Weird radio signals are coming from small read star that is located about 11 light-years from Earth and astronomers are not exactly sure what is their cause
While scientists in Puerto Rico at the Arecibo Observatory observed red dwarfs, in May they picked up some odd, unique radio waves, coming from the location of the Ross 128 star. They first thought their source is the red dwarf, but this wave patterns don’t really match regular red dwarf’s waves. Those signals appeared to be coming from deep space according to Abel Méndez, director of the Planetary Habitability Laboratory at the University of Puerto Rico at Arecibo, and his team.
This situation left scientists very confused as they had no certain explanation. One of options is that the signals are coming form Ross 128, due to its solar flares as it is very active star. But still flare signals are usually at much lower frequencies than these. The waves could be coming from something else within the field of view of Ross 128. “So right now we don’t have a theory to say how this star could do this,” says Méndez.
Scientists are not ruling out a local source. And the unusual thing is that they can’t tell whether the origin is on our planet or in the space. The signal could be caused by the radio interference, but it would be easy recognized. According to Mendez, it could also be one of the satellites, but that would be weird as not one satellite has ever send signals similar to these. “Interference can bounce between the mountains and buildings and cause strange things,” he says. “Never like this, though.”
The thing that assured scientists that signal is coming from the space is that every wave has its own frequency . Usually waves used for communication on Earth have only one frequency. Signals from Ross 128 had many different frequencies and each wave arrived at different time.
That indicates that signal has been traveling for a large period of time through space. Radio waves traveling here will sometimes run into small particles in interstellar space which will slow the low frequency waves, and result in them getting to Earth later than the ones with high frequency. That effect is called dispersion. The Ross 128 signals were also affected by the dispersion.
Solar flares have a kind of signature, and that is how scientists recognize them, and know what to expect. But this signal did not have that type of signature, so it could some new type of solar flare. And in the end there is always option where aliens sent those signals, but Méndez addressed that saying that explanation is “at the bottom of many other better explanations.”
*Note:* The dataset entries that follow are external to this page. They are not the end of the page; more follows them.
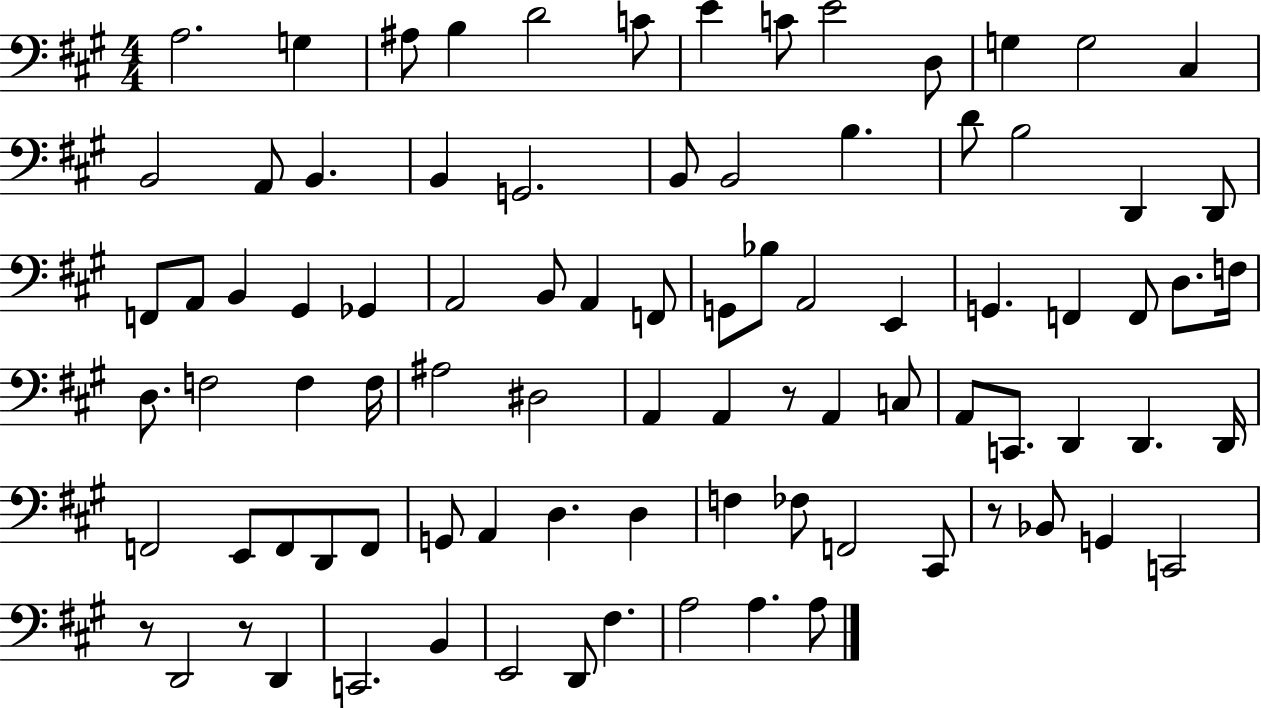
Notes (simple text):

A3/h. G3/q A#3/e B3/q D4/h C4/e E4/q C4/e E4/h D3/e G3/q G3/h C#3/q B2/h A2/e B2/q. B2/q G2/h. B2/e B2/h B3/q. D4/e B3/h D2/q D2/e F2/e A2/e B2/q G#2/q Gb2/q A2/h B2/e A2/q F2/e G2/e Bb3/e A2/h E2/q G2/q. F2/q F2/e D3/e. F3/s D3/e. F3/h F3/q F3/s A#3/h D#3/h A2/q A2/q R/e A2/q C3/e A2/e C2/e. D2/q D2/q. D2/s F2/h E2/e F2/e D2/e F2/e G2/e A2/q D3/q. D3/q F3/q FES3/e F2/h C#2/e R/e Bb2/e G2/q C2/h R/e D2/h R/e D2/q C2/h. B2/q E2/h D2/e F#3/q. A3/h A3/q. A3/e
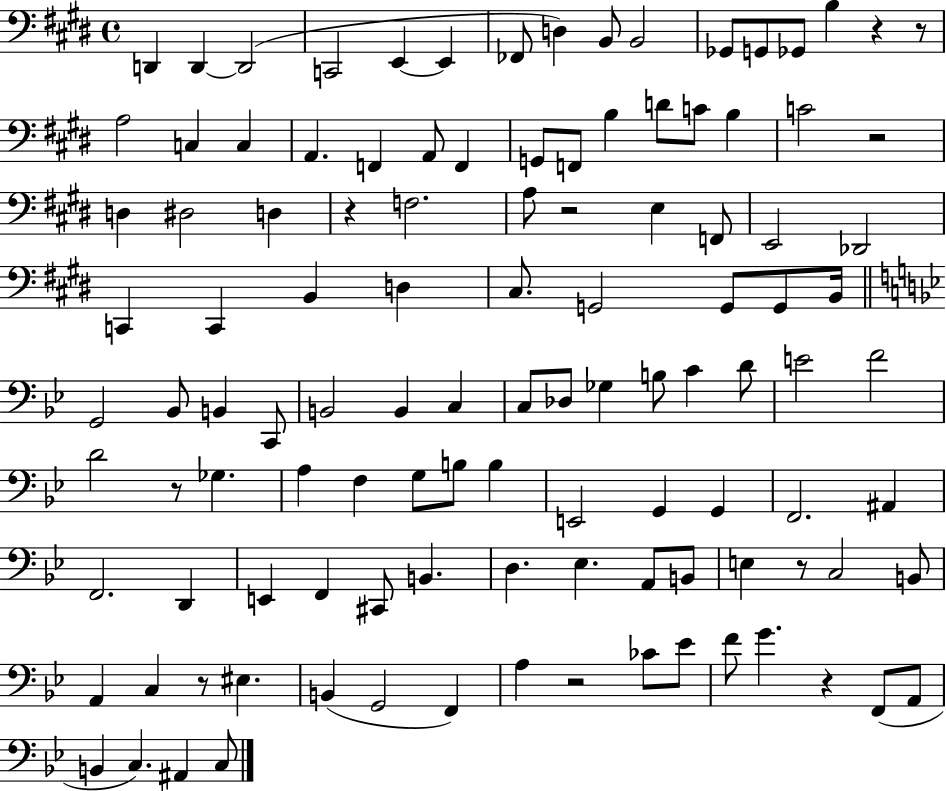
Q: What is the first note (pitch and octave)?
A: D2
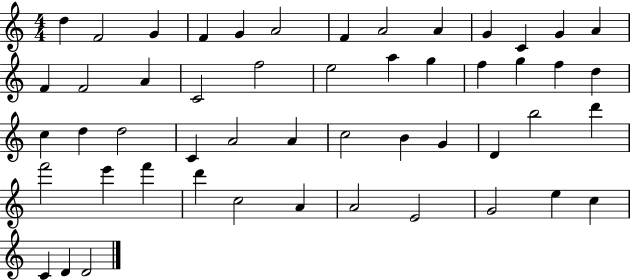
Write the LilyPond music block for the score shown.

{
  \clef treble
  \numericTimeSignature
  \time 4/4
  \key c \major
  d''4 f'2 g'4 | f'4 g'4 a'2 | f'4 a'2 a'4 | g'4 c'4 g'4 a'4 | \break f'4 f'2 a'4 | c'2 f''2 | e''2 a''4 g''4 | f''4 g''4 f''4 d''4 | \break c''4 d''4 d''2 | c'4 a'2 a'4 | c''2 b'4 g'4 | d'4 b''2 d'''4 | \break f'''2 e'''4 f'''4 | d'''4 c''2 a'4 | a'2 e'2 | g'2 e''4 c''4 | \break c'4 d'4 d'2 | \bar "|."
}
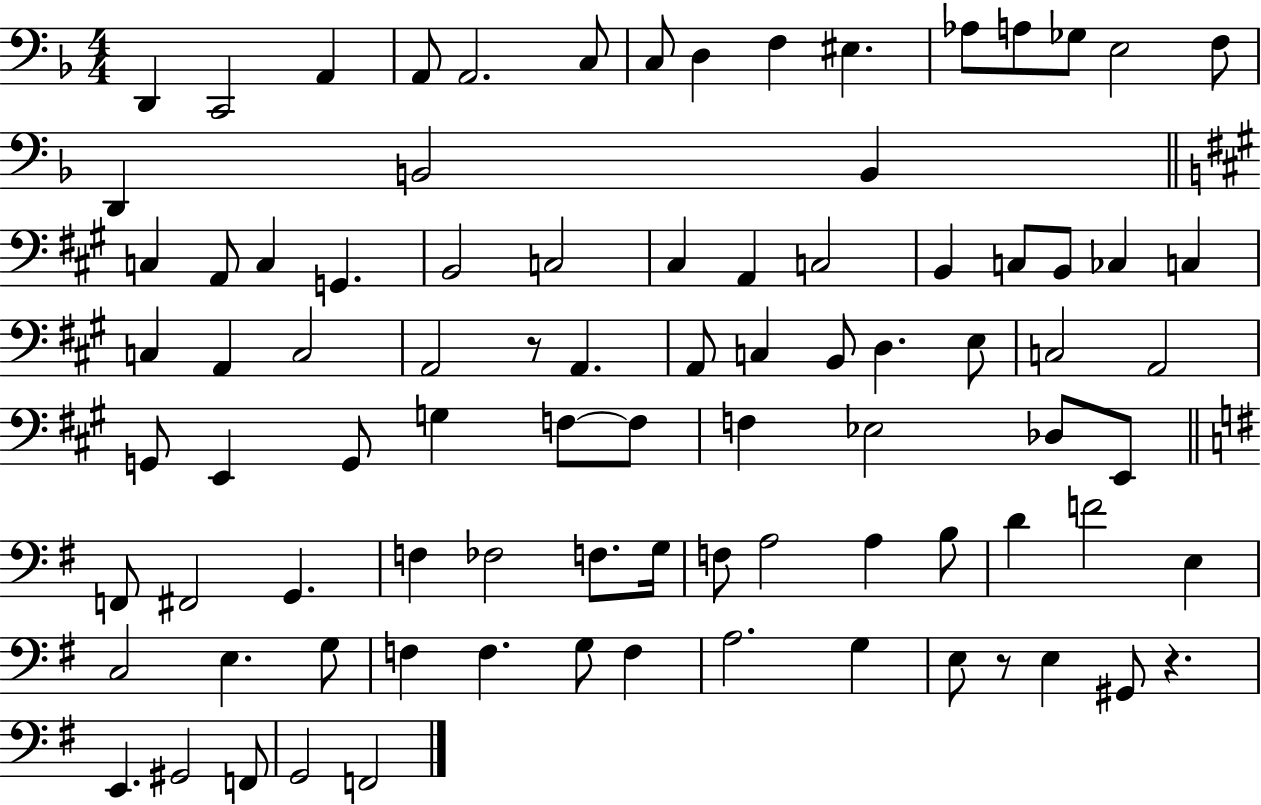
{
  \clef bass
  \numericTimeSignature
  \time 4/4
  \key f \major
  \repeat volta 2 { d,4 c,2 a,4 | a,8 a,2. c8 | c8 d4 f4 eis4. | aes8 a8 ges8 e2 f8 | \break d,4 b,2 b,4 | \bar "||" \break \key a \major c4 a,8 c4 g,4. | b,2 c2 | cis4 a,4 c2 | b,4 c8 b,8 ces4 c4 | \break c4 a,4 c2 | a,2 r8 a,4. | a,8 c4 b,8 d4. e8 | c2 a,2 | \break g,8 e,4 g,8 g4 f8~~ f8 | f4 ees2 des8 e,8 | \bar "||" \break \key g \major f,8 fis,2 g,4. | f4 fes2 f8. g16 | f8 a2 a4 b8 | d'4 f'2 e4 | \break c2 e4. g8 | f4 f4. g8 f4 | a2. g4 | e8 r8 e4 gis,8 r4. | \break e,4. gis,2 f,8 | g,2 f,2 | } \bar "|."
}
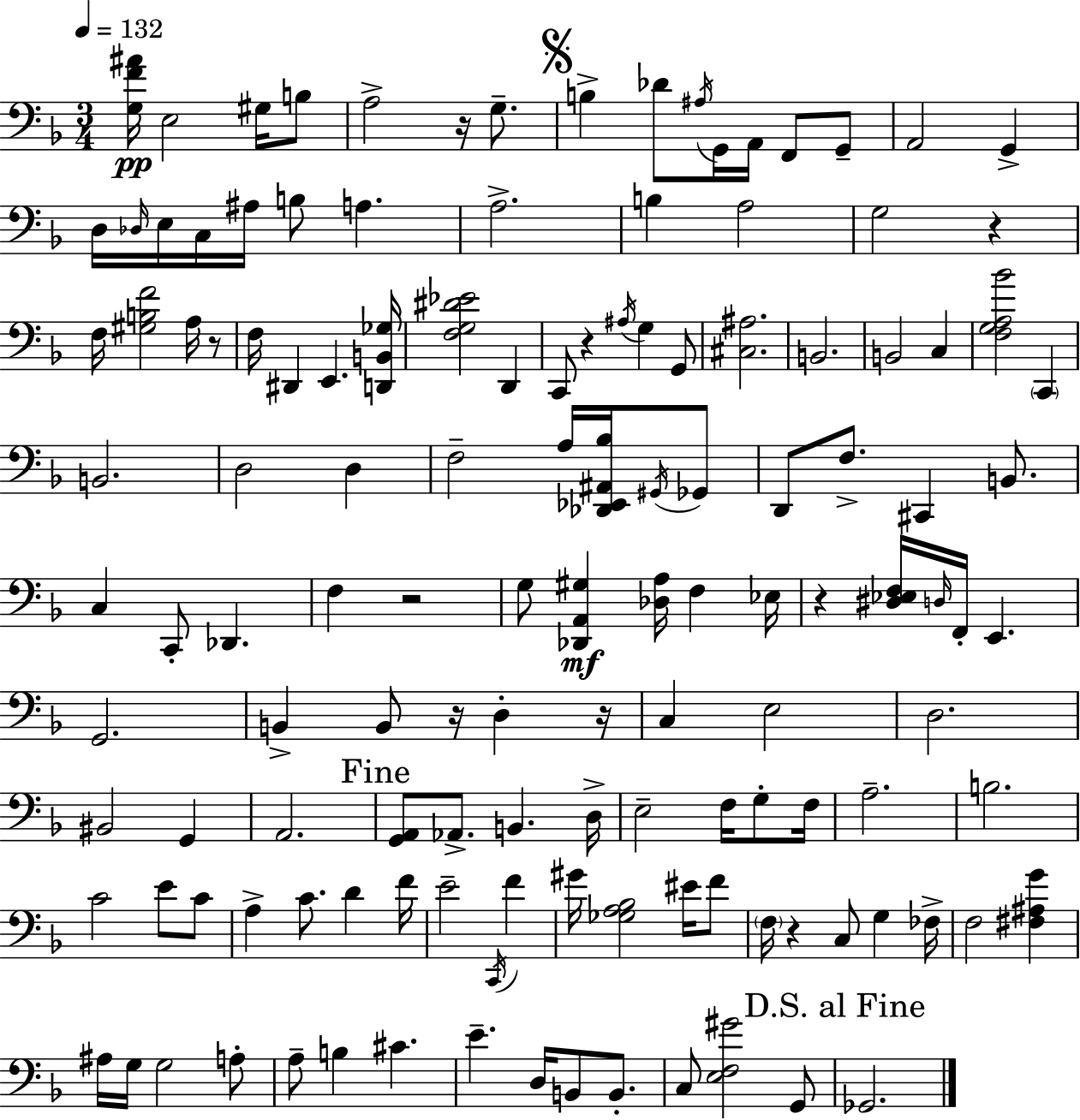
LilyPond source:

{
  \clef bass
  \numericTimeSignature
  \time 3/4
  \key d \minor
  \tempo 4 = 132
  \repeat volta 2 { <g f' ais'>16\pp e2 gis16 b8 | a2-> r16 g8.-- | \mark \markup { \musicglyph "scripts.segno" } b4-> des'8 \acciaccatura { ais16 } g,16 a,16 f,8 g,8-- | a,2 g,4-> | \break d16 \grace { des16 } e16 c16 ais16 b8 a4. | a2.-> | b4 a2 | g2 r4 | \break f16 <gis b f'>2 a16 | r8 f16 dis,4 e,4. | <d, b, ges>16 <f g dis' ees'>2 d,4 | c,8 r4 \acciaccatura { ais16 } g4 | \break g,8 <cis ais>2. | b,2. | b,2 c4 | <f g a bes'>2 \parenthesize c,4 | \break b,2. | d2 d4 | f2-- a16 | <des, ees, ais, bes>16 \acciaccatura { gis,16 } ges,8 d,8 f8.-> cis,4 | \break b,8. c4 c,8-. des,4. | f4 r2 | g8 <des, a, gis>4\mf <des a>16 f4 | ees16 r4 <dis ees f>16 \grace { d16 } f,16-. e,4. | \break g,2. | b,4-> b,8 r16 | d4-. r16 c4 e2 | d2. | \break bis,2 | g,4 a,2. | \mark "Fine" <g, a,>8 aes,8.-> b,4. | d16-> e2-- | \break f16 g8-. f16 a2.-- | b2. | c'2 | e'8 c'8 a4-> c'8. | \break d'4 f'16 e'2-- | \acciaccatura { c,16 } f'4 gis'16 <ges a bes>2 | eis'16 f'8 \parenthesize f16 r4 c8 | g4 fes16-> f2 | \break <fis ais g'>4 ais16 g16 g2 | a8-. a8-- b4 | cis'4. e'4.-- | d16 b,8 b,8.-. c8 <e f gis'>2 | \break g,8 \mark "D.S. al Fine" ges,2. | } \bar "|."
}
On Sunday we might get some answers as the team at Arecibo will have another chance to observe the star after two moths. They will examine the new data this week and they hope the results will be revealed this They are assured that new data will help them find the source. And when they find where they come from they will provide us with the cause of the radio waves. Méndez concluded a story with: “We’re rushing this because we want to know.”